# Indianapolis brother and sisters interested in the URCNA?



## mvdm (Aug 28, 2013)

I am wondering if there are brothers/sisters in Indy that might be interested in learning more about the URCNA. If so, feel free to post a question or comment, or if you like, feel free to private message me. I've often thought the URC could be of service to some folks that are desirous of a confessional, continental Reformed church.


----------



## PuritanCovenanter (Aug 29, 2013)

If there is interest in this venture please let it be known somehow. I know a lot of Reformed People who do not adhere to the established denominations that are here but are Reformed. We have a great fraternal group between the Congregationalists, Baptists, UCC, Lutheran, PCA, OPC, and RPCNA. I see the URCNA having good success especially in certain areas.
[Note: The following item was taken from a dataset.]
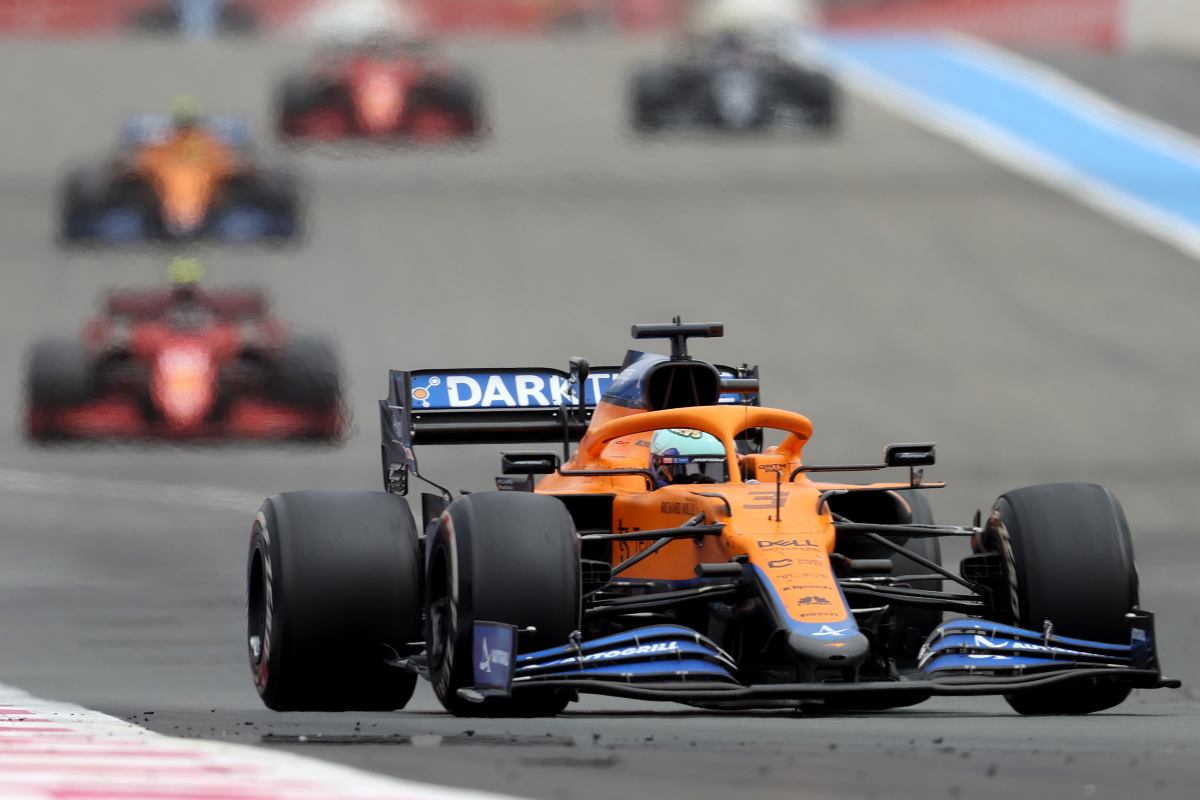La McLaren di Daniel Ricciardo davanti alle Ferrari nel Gran Premio di Francia di F1 2021 al Paul Ricard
I am not one to contact necessarily but encourage it. I do have interest in the Reformation Society here which involves a lot of groups. Even the United Church of Christ (which is a very Liberal denomination) has a is very conservative Pastor who grew up at the feet of Alistair Begg and presents at our Meetings. There is a lot of ground to cover since this is Campbellite ground. Yes, we have a Pastor from one of those churches also. He is a goodman. He travels some distance to attend RSi. Thanks.


----------